Michelle Tuxford is the Yorkshire and Humber Committee Secretary for the Association of Building Engineers (ABE), which has been promoting excellence in the industry since 1925.
Construction Magazine: What does the ABE do and whom does it represent?
Michelle Tuxford: The ABE is a professional, member-focused association. Our aim is to give members assistance in their life-long learning and give them the opportunity to work towards achieving a professionally recognised qualification. We offer a broad spectrum of training courses, from Structural Design to Sustainability, from half-day CPD events to degree level qualifications.
Membership is open to professional individuals working in the built environment such as surveyors, architects, architectural technologists, building maintenance engineers. It’s really quite a broad scope of professionals.
CM: How important is the role of the ABE within the construction industry?

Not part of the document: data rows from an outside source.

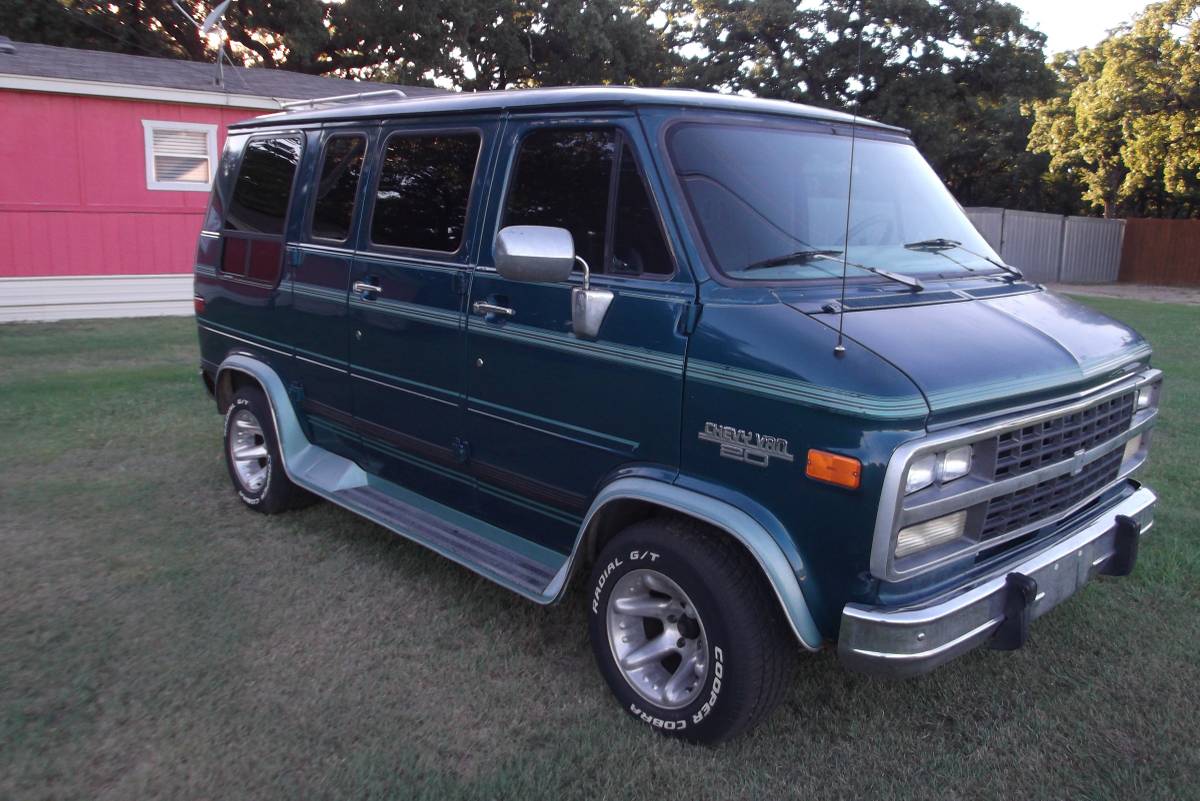 Chevrolet-g-series-34-ton-nominal-1993-green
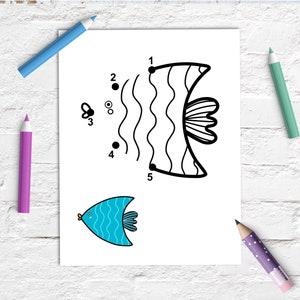 K&ouml;nnte beinhalten: Eine Punkte-Verbindungs-Aktivit&auml;t f&uuml;r Kinder mit einem blauen Fisch mit Wellenlinien. Die Zahlen 1 bis 5 sind neben schwarzen Punkten dargestellt. Ein fertiger blauer Fisch ist unten auf der Seite abgebildet.
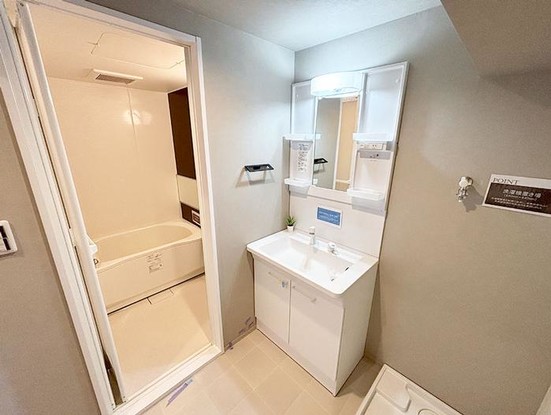 apartment 神奈川県横浜市西区高島２丁目14-17 クレアトール横浜ビル９階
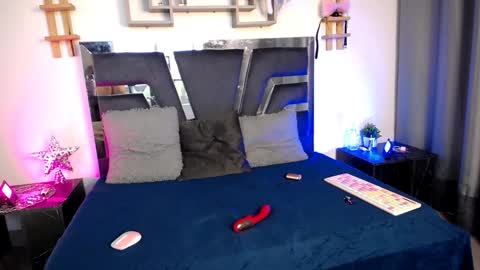 daenerys_cat online show from 10, 1, 2025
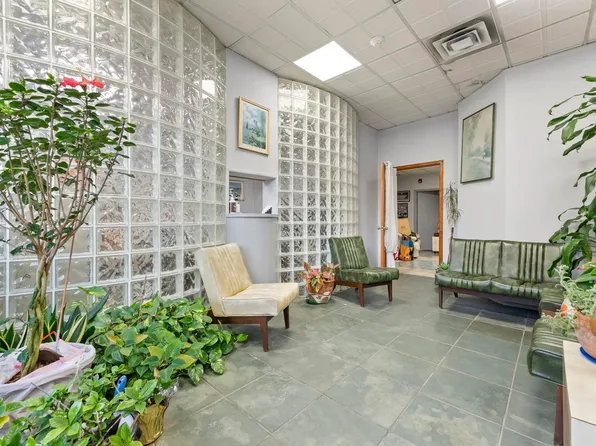 5910 Palisade Avenue image 5 of 23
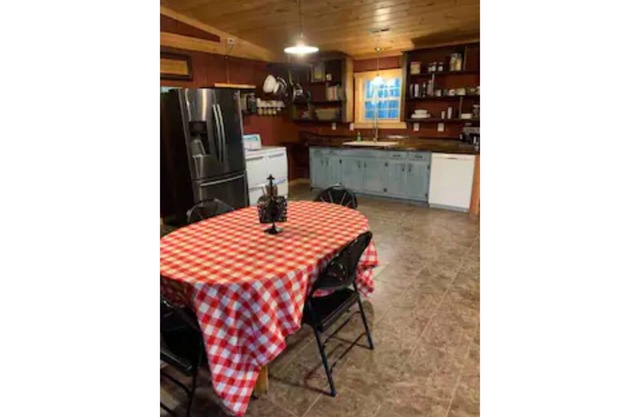 Aunt Sharon’s Bungalow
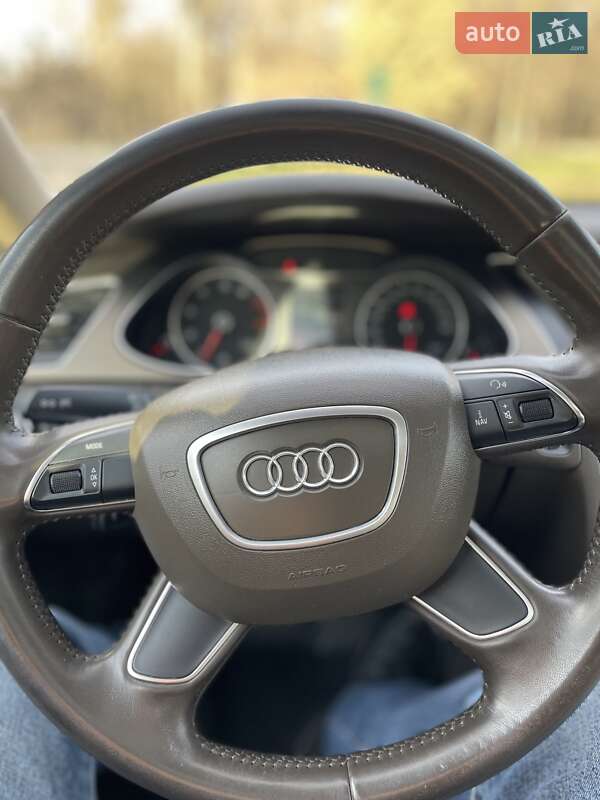 Седан Audi A4 2014 в Львове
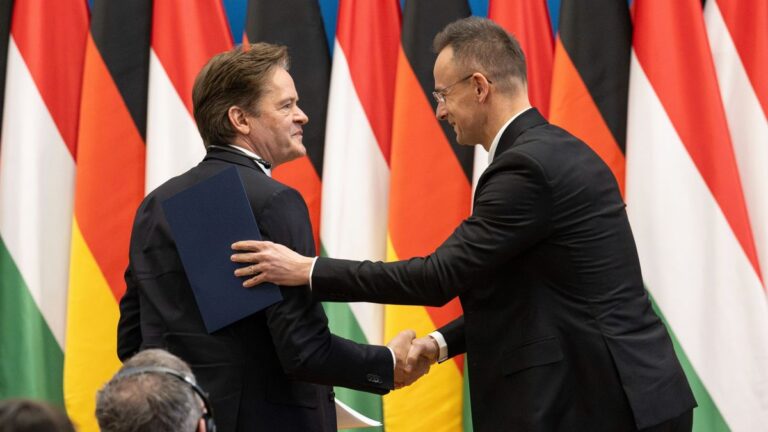 Kitüntették Markus Schafert, a Mercedes-Benz AG igazgatótanácsának tagját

MT: The building industry is constantly evolving so members need to keep abreast of changes and that is what we aim to do. Learning and development are key to career progression and are becoming increasingly important in what is a very competitive industry. We provide a prospectus of training courses which members can take part in and learn new skills, enhance their professional development and drive their career forward.
CM: How does the association organise itself?
MT: In the UK the association is made up of 11 regional committees. In the Yorkshire committee we have quite a strong membership and we host CPD events along with technical visits for our members. We try and put on social events, but they’re not as popular with members who are more interested in the professional side of the association. The ABE hosts a national conference organised by the association HQ in Northampton annual. Around the world we have 5,788 members in 50 countries.
CM: The current economic situation aside, what would be the main challenges facing your membership today?
MT: I think the biggest challenge at the moment is the issue of Intelligent Modelling. Most of us have been using AutoCAD for the past 10-15 years, but the industry is now moving away from that system towards Intelligent Modelling. That’s a big challenge for the industry to keep up with the move, which is happening quite quickly.